Last updated: Sun 16 Feb 2020, 10:09 PM

“In our talks with China it was agreed that tools such as sanctions have lost their effectiveness,” Jalili told a news conference, speaking via a Chinese translator.
Asked if China backs sanctions on Iran over its nuclear programme, he said: “It’s up to China to answer that.”
The United States said this week that six world powers, including China and Russia, are united in talks on a possible new round of sanctions against Iran over its nuclear programme.
Beijing has not commented directly on whether it is contemplating supporting further restrictions on Iran, but diplomats have dropped a phrase they were using earlier this year — that sanctions did not offer a “fundamental solution”.

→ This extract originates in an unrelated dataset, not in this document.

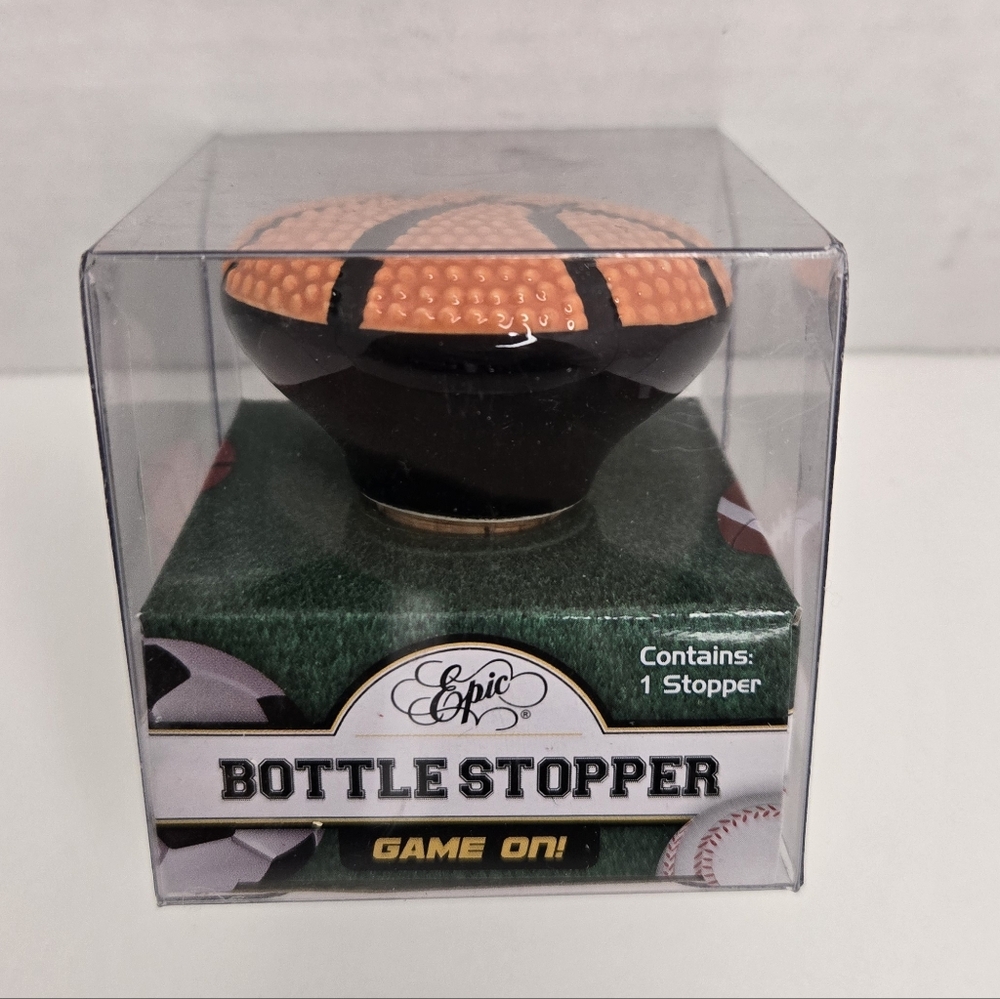 Epic Basketball Bottle Stopper 2011 Orange & Black Basketball Textured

Chinese Foreign Minister Yang Jiechi called for “flexibility” during talks with Jalili, who flew into Beijing on Thursday, the official Xinhua news agency reported.
Beijing, like Moscow, reluctantly backed three previous rounds of U.N. sanctions against Tehran for refusing to halt enrichment as demanded by five U.N. Security Council resolutions.
Iran rejects Western charges its atomic programme is aimed at developing bombs and says enrichment is a sovereign right.
Tehran insists its nuclear programme is intended only to peacefully generate electricity.
Diplomats say China has been slowly and reluctantly falling in line with other powers involved in the talks, though it wants any new steps against one of its major oil suppliers to be weak.
Jalili also said it was unacceptable to wield the threat of sanctions to press Tehran over a U.N.-backed nuclear fuel offer. That offer would have move Tehran’s low-enriched uranium stocks to Russia and France for processing into fuel for an ageing research reactor that produces medical isotopes.
“What is ridiculous is that if we don’t accept their conditions, they will impose sanctions on us,” said Jalili, speaking in Farsi, with a Chinese translator. “The logic of this remains unacceptable to the international community.”
Negotiations based on pressure will not work, he said.
Moscow, Western diplomats say, has become increasingly impatient with Iran’s lack of interest in the deal. Along with Beijing, it privately urged Iran to accept the offer as a goodwill gesture, but they did not receive any clear response.
That, diplomats say, is one of the reasons China agreed to join negotiations on a new U.N. sanctions resolution.